The government had begun printing census forms, the Commerce Department had publicly announced its legal surrender, and Justice Department lawyers had rested their case in court. But President Trump wasn’t ready to give up the fight.
With a tweet that sent much of his administration scrambling over the Fourth of July holiday, Trump decided to unilaterally revive the government’s attempt to add a citizenship question to the 2020 Census.
It’s a move that fits into a long pattern of Trump going to the mat — and occasionally overruling his own administration — to force a fight over polarizing issues. While the strategy has so far yielded mixed results, it nonetheless allows Trump to cast himself as a relentless change agent — an image that has become central to his reelection bid.
“We’re fighting very hard against the system, that’s a very difficult system but we’ll make a decision,” Trump told reporters Friday, adding that he was “thinking of” issuing an executive order to add the citizenship question to census forms.

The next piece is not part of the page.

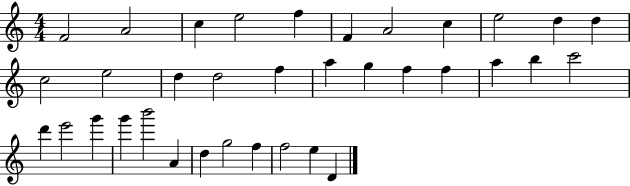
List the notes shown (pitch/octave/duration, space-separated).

F4/h A4/h C5/q E5/h F5/q F4/q A4/h C5/q E5/h D5/q D5/q C5/h E5/h D5/q D5/h F5/q A5/q G5/q F5/q F5/q A5/q B5/q C6/h D6/q E6/h G6/q G6/q B6/h A4/q D5/q G5/h F5/q F5/h E5/q D4/q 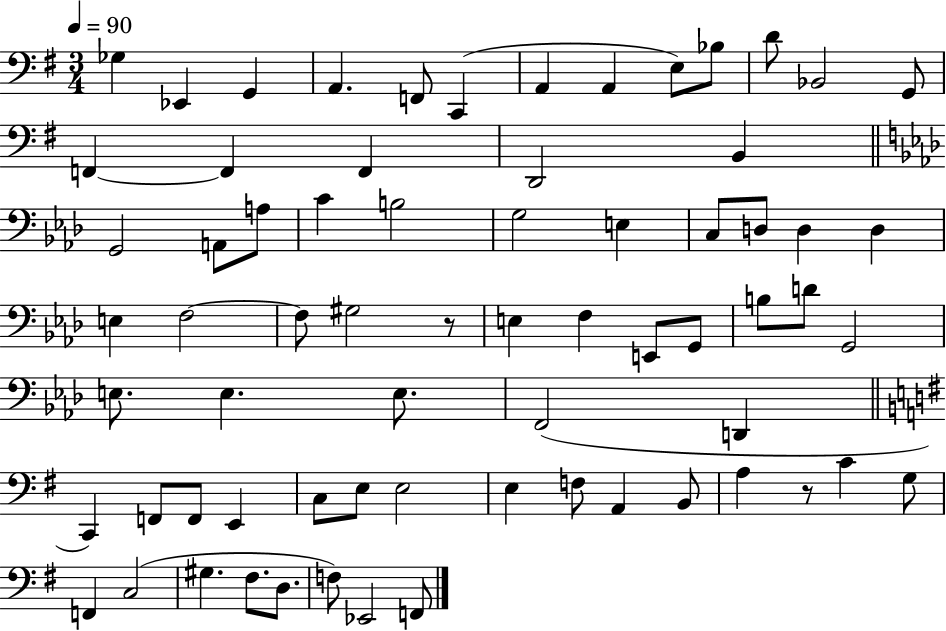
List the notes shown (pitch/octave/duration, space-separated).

Gb3/q Eb2/q G2/q A2/q. F2/e C2/q A2/q A2/q E3/e Bb3/e D4/e Bb2/h G2/e F2/q F2/q F2/q D2/h B2/q G2/h A2/e A3/e C4/q B3/h G3/h E3/q C3/e D3/e D3/q D3/q E3/q F3/h F3/e G#3/h R/e E3/q F3/q E2/e G2/e B3/e D4/e G2/h E3/e. E3/q. E3/e. F2/h D2/q C2/q F2/e F2/e E2/q C3/e E3/e E3/h E3/q F3/e A2/q B2/e A3/q R/e C4/q G3/e F2/q C3/h G#3/q. F#3/e. D3/e. F3/e Eb2/h F2/e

The Trump administration, which told a federal court Friday that it would reverse its plans and continue pursuing the citizenship question, faces long odds. The Supreme Court recently blocked the government from moving ahead with asking about citizenship, after saying the administration’s stated rationale was “contrived.”

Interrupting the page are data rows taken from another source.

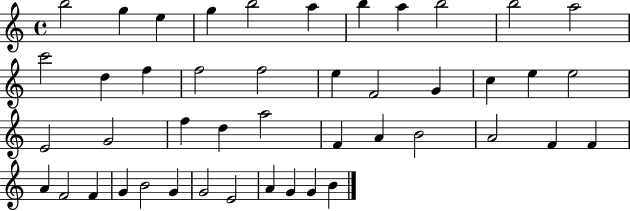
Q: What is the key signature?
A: C major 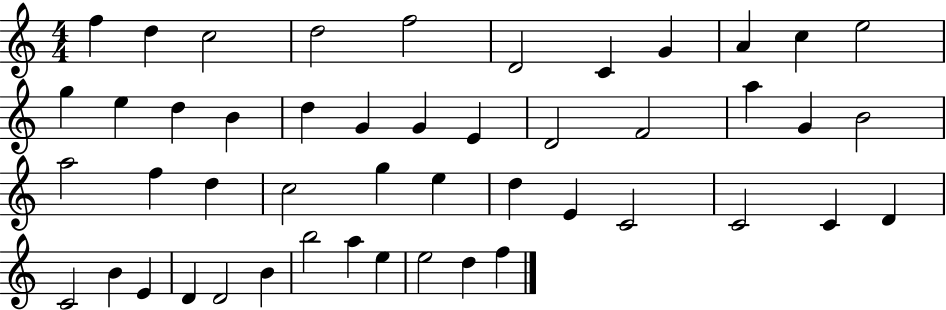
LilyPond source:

{
  \clef treble
  \numericTimeSignature
  \time 4/4
  \key c \major
  f''4 d''4 c''2 | d''2 f''2 | d'2 c'4 g'4 | a'4 c''4 e''2 | \break g''4 e''4 d''4 b'4 | d''4 g'4 g'4 e'4 | d'2 f'2 | a''4 g'4 b'2 | \break a''2 f''4 d''4 | c''2 g''4 e''4 | d''4 e'4 c'2 | c'2 c'4 d'4 | \break c'2 b'4 e'4 | d'4 d'2 b'4 | b''2 a''4 e''4 | e''2 d''4 f''4 | \break \bar "|."
} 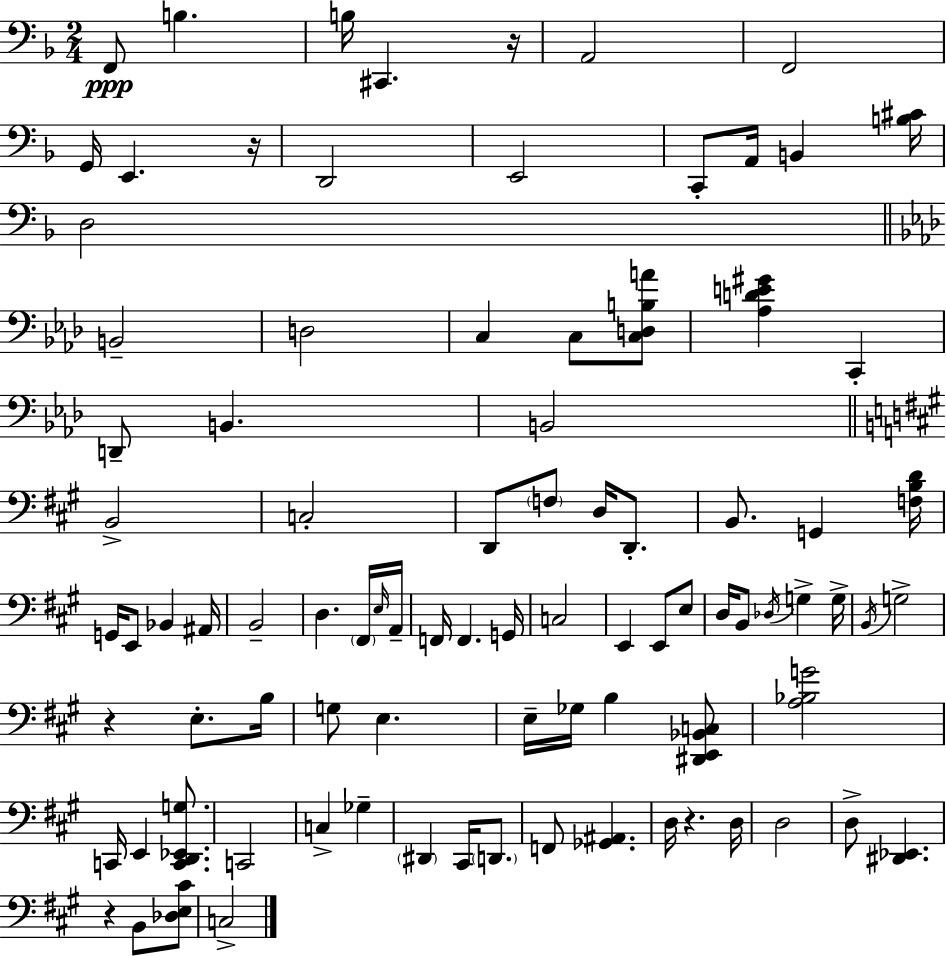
F2/e B3/q. B3/s C#2/q. R/s A2/h F2/h G2/s E2/q. R/s D2/h E2/h C2/e A2/s B2/q [B3,C#4]/s D3/h B2/h D3/h C3/q C3/e [C3,D3,B3,A4]/e [Ab3,D4,E4,G#4]/q C2/q D2/e B2/q. B2/h B2/h C3/h D2/e F3/e D3/s D2/e. B2/e. G2/q [F3,B3,D4]/s G2/s E2/e Bb2/q A#2/s B2/h D3/q. F#2/s E3/s A2/s F2/s F2/q. G2/s C3/h E2/q E2/e E3/e D3/s B2/e Db3/s G3/q G3/s B2/s G3/h R/q E3/e. B3/s G3/e E3/q. E3/s Gb3/s B3/q [D#2,E2,Bb2,C3]/e [A3,Bb3,G4]/h C2/s E2/q [C2,D2,Eb2,G3]/e. C2/h C3/q Gb3/q D#2/q C#2/s D2/e. F2/e [Gb2,A#2]/q. D3/s R/q. D3/s D3/h D3/e [D#2,Eb2]/q. R/q B2/e [Db3,E3,C#4]/e C3/h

Stung by that legal rebuke, and facing fast-arriving deadlines to move forward with the constitutionally mandated census, Trump’s government publicly decided to drop its effort to add the citizenship question. On Tuesday, Commerce Secretary Wilbur Ross, who oversees the decennial population tally, said the administration was abandoning its effort and had begun printing the census forms without the citizenship question.
But the appearance of a premature surrender — and the backlash it caused among conservatives — was enough to cause Trump to intervene.

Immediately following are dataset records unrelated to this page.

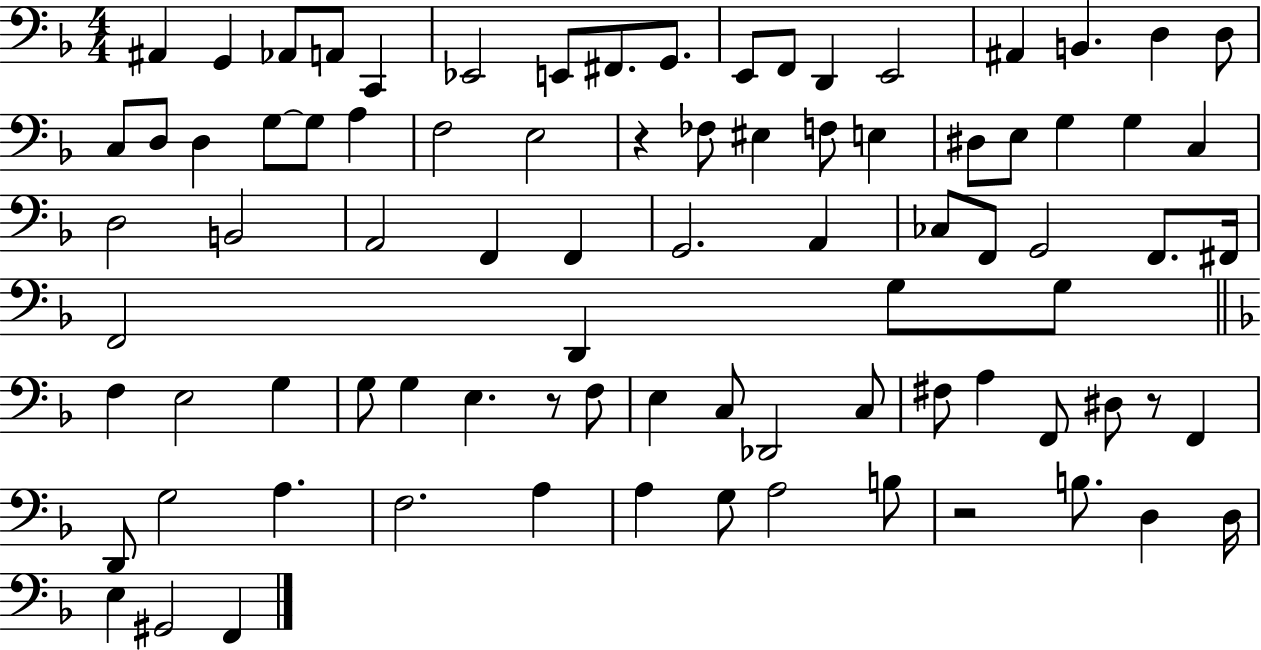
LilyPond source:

{
  \clef bass
  \numericTimeSignature
  \time 4/4
  \key f \major
  ais,4 g,4 aes,8 a,8 c,4 | ees,2 e,8 fis,8. g,8. | e,8 f,8 d,4 e,2 | ais,4 b,4. d4 d8 | \break c8 d8 d4 g8~~ g8 a4 | f2 e2 | r4 fes8 eis4 f8 e4 | dis8 e8 g4 g4 c4 | \break d2 b,2 | a,2 f,4 f,4 | g,2. a,4 | ces8 f,8 g,2 f,8. fis,16 | \break f,2 d,4 g8 g8 | \bar "||" \break \key f \major f4 e2 g4 | g8 g4 e4. r8 f8 | e4 c8 des,2 c8 | fis8 a4 f,8 dis8 r8 f,4 | \break d,8 g2 a4. | f2. a4 | a4 g8 a2 b8 | r2 b8. d4 d16 | \break e4 gis,2 f,4 | \bar "|."
}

“The News Reports about the Department of Commerce dropping its quest to put the Citizenship Question on the Census is incorrect or, to state it differently, FAKE!” Trump tweeted Wednesday. “We are absolutely moving forward, as we must, because of the importance of the answer to this question.”
In December, after Trump’s congressional negotiators had agreed to support a bipartisan spending deal to keep the government open — without providing funding for building new border barriers — Trump overruled them.
A 35-day partial government shutdown ensued, with the president and lawmakers locked in a stalemate over border-wall funding. Trump used the battle to attempt to bolster his political prospects, running digital ads to inform voters about his hard-line position.
When Trump did finally agree to give in and sign a spending bill, he coupled his surrender with the announcement of a national emergency declaration that he said would allow the government to repurpose existing funds to build the wall.
Several federal judges have since ruled against Trump’s effort to spend taxpayer money without congressional approval.